Im Zuge dieser Internationalisierung werden immer mehr Fach- und Führungskräfte ins Ausland entsandt, um vor Ort deutsches Know-how an einheimische Kollegen weiterzugeben oder Projekte zu leiten.
Dass ein Expatriate auf seinen bevorstehenden Auslandsaufenthalt vorbereitet werden muss, ist dabei immer mehr Arbeitgebern bewusst. So ist die Zahl jener Unternehmen, die gar kein Interkulturelles Training oder Coaching für Entsandte anbieten, in den letzten Jahren immer weiter gesunken. An für sich könnte diese Entwicklung Grund zur Zufriedenheit geben, wäre da nicht jener Tag, an dem die Entsandten nach Deutschland zurückkehren.

52 % aller Auslandsrückkehrer verlassen ihr Unternehmen

Laut der Studie „Global Relocation Trends“ verlieren deutsche Unternehmen 52 % ihrer Expatriates spätestens zwei Jahre nach der Wiederankunft in der BRD.

Wie kommt es zu dieser erschreckend hohen Zahl?

Einerseits bedenken viele Unternehmen nicht, dass es auch bei der Rückkehr in die [eigentlich bekannte] Heimat, Anpassungsschwierigkeiten geben kann. Vor allem dann, wenn Mitarbeiter Mustermann mehrere Jahre in einem fremden Land verbracht hat. So hatte er im Ausland unter Umständen Annehmlichkeiten, die er „at home in Germany“ auf einmal entbehren muss. Dazu gehören beispielsweise Hausmädchen, ein persönlicher Fahrer, besseres Klima oder ein höherer Lebensstandard aufgrund geringerer Lebenshaltungskosten im Entsendungsland.
Teilweise haben sich Expatriates auch die Kommunikationsstile des Gastlandes angewöhnt und stoßen damit in Deutschland auf einmal an Grenzen, die sie so nicht erwartet haben.
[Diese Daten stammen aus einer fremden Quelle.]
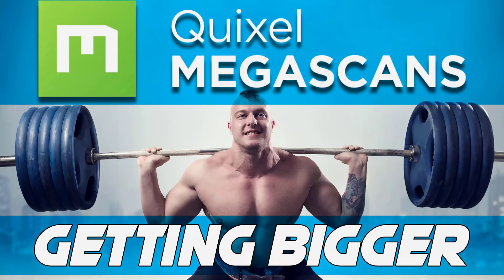Hello ladies and gentlemen, it's Mike here at Game from Scratch, and today we are talking about Quixel Megascans, because it just got a pretty sizable upgrade.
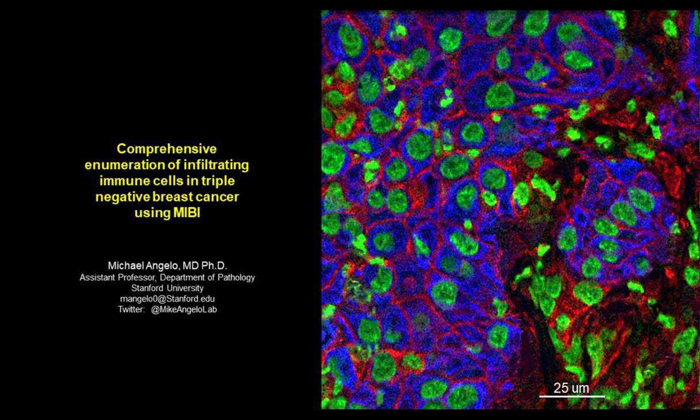It's brought to you by IonPath. IonPath is a venture-backed commercial stage company founded by Stanford researchers out of the lab of Dr. Gary Nolan. The company is focused on revolutionizing pathology with multiplexed ion beam imaging, MIBI, technology. MIBI is a multiplexed imaging platform with unmatched resolution, sensitivity, and throughput. To learn more, visit www.ionpath.com.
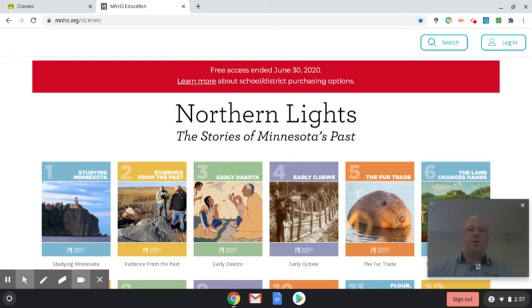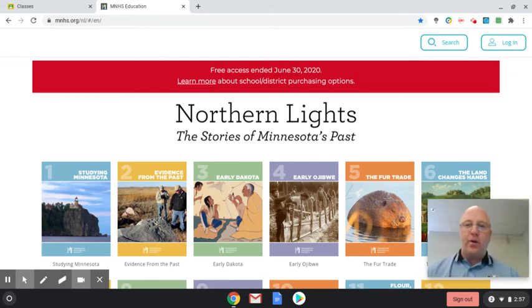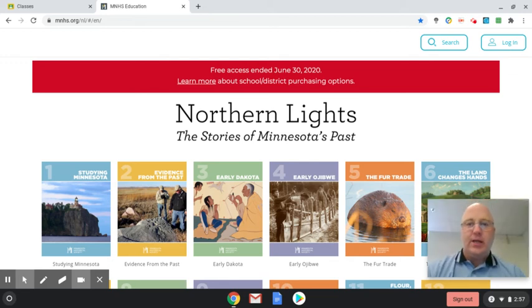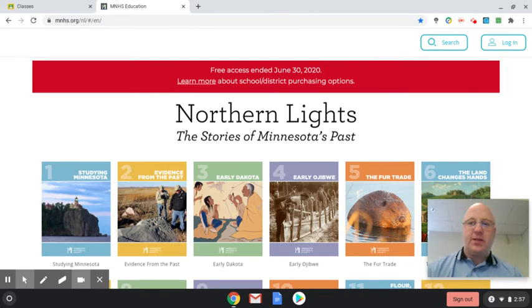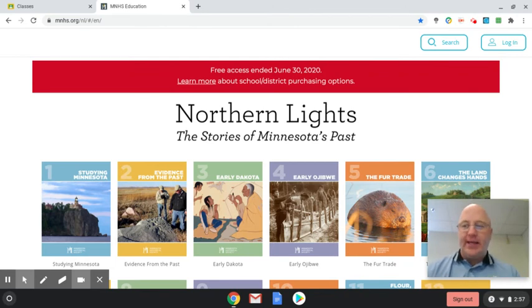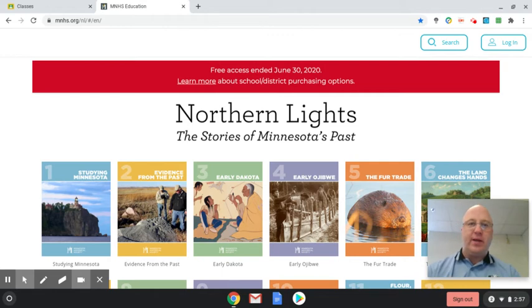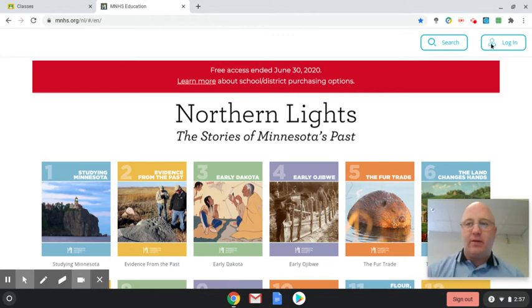Hello sixth graders. We are going to be starting to use the e-book for your social studies this year. If you follow the link that I included on my classroom page, it'll take you to something like this.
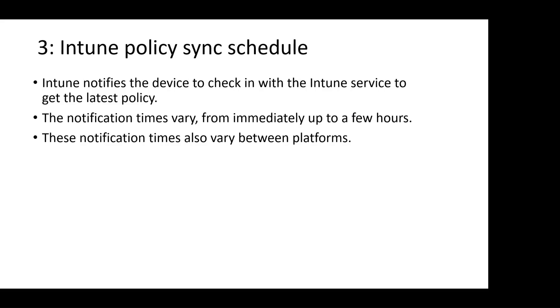If a device doesn't check in to get the policy or profile after the first notification, Intune makes three more attempts. An offline device, such as one that is turned off or not connected to a network, may not receive the notifications. In this case, the device gets the policy or profile on its next scheduled check-in with the service. During this period, the device will be shown as non-compliant.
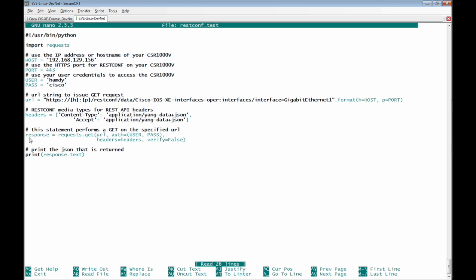we have variable response which is requests.get. It means that HTTP request with the method get from the URL of the Cisco IOS XE Router.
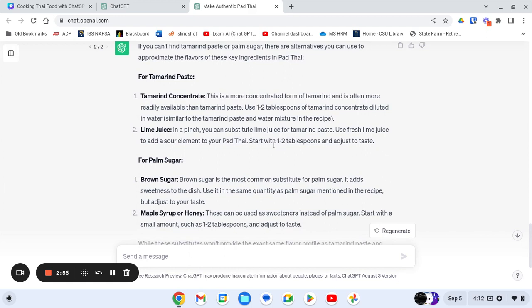It gave me two different alternatives for each. For the tamarind paste, either using a tamarind concentrate, which again, I don't have, but it also suggests lime juice. And then for the palm sugar, it suggests brown sugar as the most common substitute. But if you don't have that, you can also use maple syrup or honey.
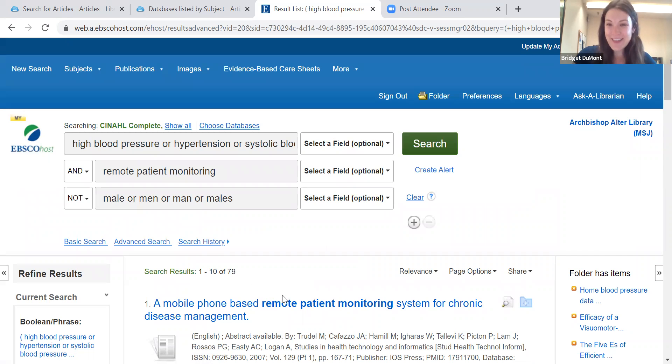OK, and with that I think we are finished today. Thanks so much for going through database searching with me using CINAHL. My name is Bridgette Dumont and I am a librarian here at the Mount Library. I am more than happy to answer any questions or provide any research assistance you may need. Thanks, bye.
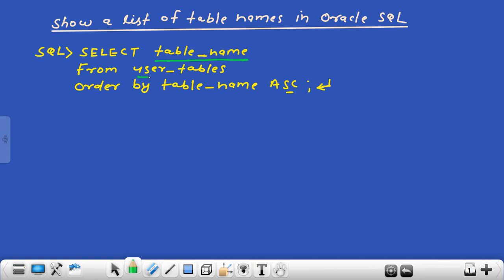So this is your table_name column and this is your user_tables. In this SQL query, the SELECT keyword will select all the table names existing in Oracle Database. user_tables is a kind of folder in which all the tables exist. The ORDER BY keyword will put all the tables in ascending order.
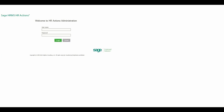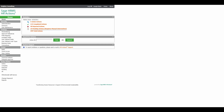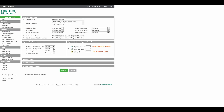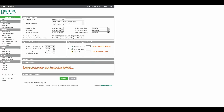Log into HRActions admin site and click on parameters. Expand the manual update section and run the second update option.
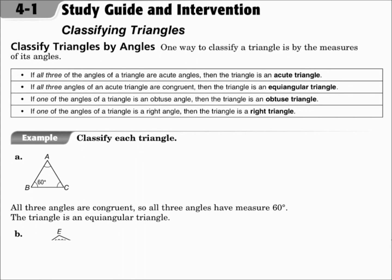This is lesson 4.1, Classifying Triangles. The objectives are to identify and classify triangles by angle measures and by side measures.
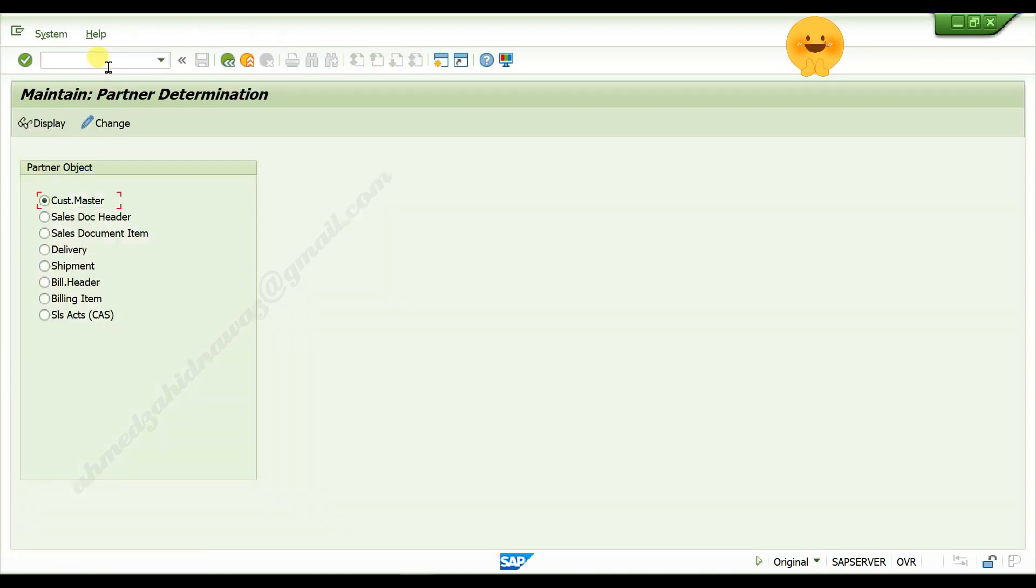Activate radio button for customer master, click on change.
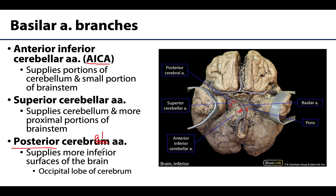The posterior cerebral arteries supply inferior surfaces and posterior portions of the cerebrum — not the cerebellum. In particular, they supply the occipital lobe. Also notable is that cranial nerve 3, the oculomotor nerve, is lodged between the superior cerebellar and the posterior cerebral arteries. The posterior cerebral arteries are connected to the ICA via the posterior communicating artery, as previously described.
Oft gibt es auch familiäre Spannungen aufgrund der veränderten Lebenssituation.

Andererseits sind die Organisationsstrukturen einiger Unternehmen nicht genügend auf das Thema Auslandsrückkehr eingestellt. So stellen manche Vorgesetzte – kurz vor der Rückkehr der Entsandten – überrascht fest, dass „da auf einmal ein Mitarbeiter wieder da ist“. Oft gibt es keine freie Stelle, für die zurückkehrende Person oder die Stelle entspricht nicht den gestiegenen Qualifikationen des Mitarbeiters oder seinen Gehaltsvorstellungen. Viele ehemalige Expatriates beklagen auch eine zu geringe Wertschätzung für die Erlebnisse und Erfahrungen, die im Ausland gemacht wurden. Auch Veränderungen im Unternehmen, die es während der Entsendung zweifelsohne gab, werden nicht ausreichend kommuniziert, sodass sich Mitarbeiter auch an dieser Stelle alleingelassen fühlen.
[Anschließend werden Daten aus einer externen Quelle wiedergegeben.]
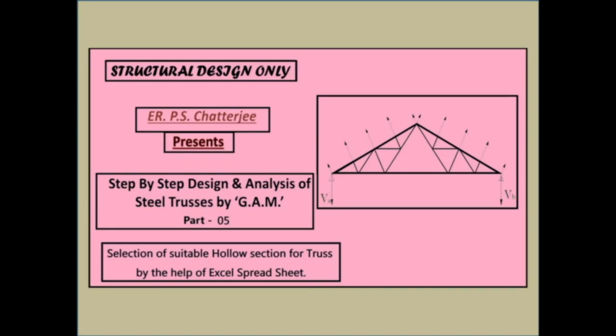Hello viewers, once again I'm Pace Chattage with you with my step-by-step design and analysis of steel truss by Grafico Analytical Method or GAM part 5. In this section, I'm going to discuss how we can select the suitable section for a truss by the help of Excel spreadsheet.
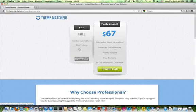You can try the free service which will be limited in features. Once you like the theme and feel it will work for you, then you can go for the professional version.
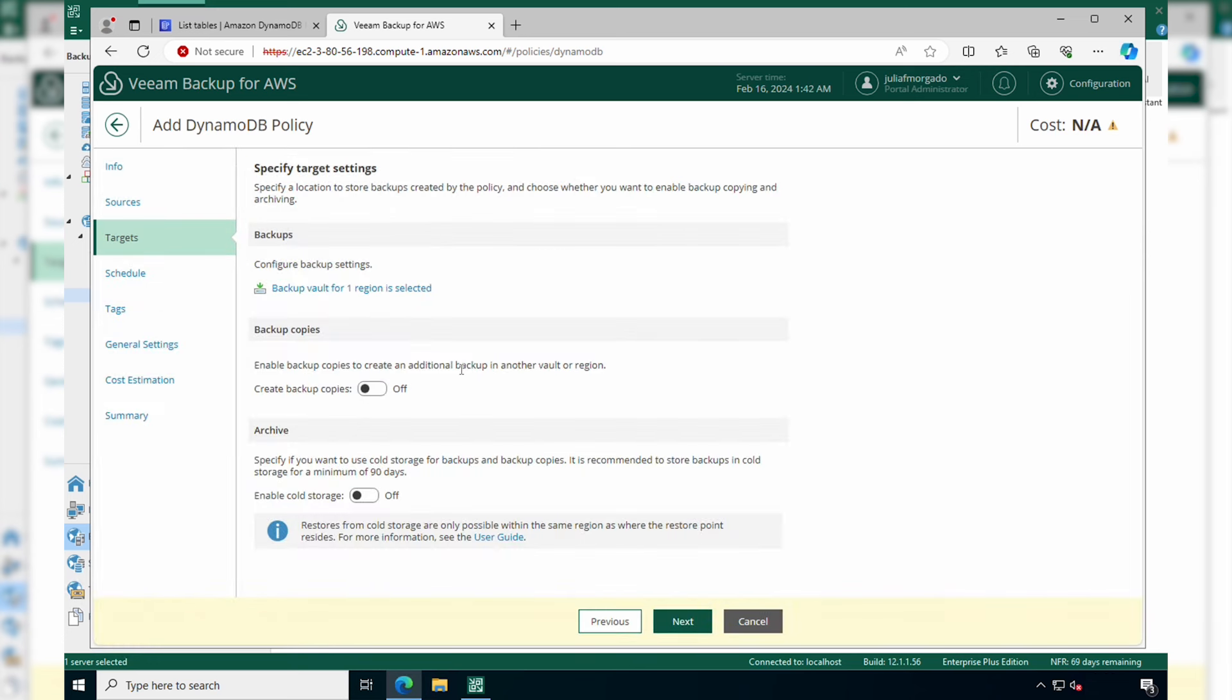Here you can enable replication, so create additional backup copies in another vault or another region. And you can also select to archive in cold storage for cost optimization. Just remember that it's recommended to store the backup in cold storage for a minimum of 90 days.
So führen persönliche (Anpassungs-)Probleme und Defizite seitens des Arbeitgebers dazu, dass die Unzufriedenheit in den ersten beiden Jahren nach der Rückkehr deutlich ansteigt und der Wechsel des Unternehmens als einzige Lösung erscheint.

Was muss sich ändern?

Die EINE goldene Lösung gibt es selbstverständlich nicht. Unsere Erfahrung zeigt jedoch, dass ein Interkulturelles Re-Entry-Training oder Coaching (in das idealerweise auch die Familie des Expatriates einbezogen wird) die Probleme auf der persönlichen Ebene deutlich reduzieren kann.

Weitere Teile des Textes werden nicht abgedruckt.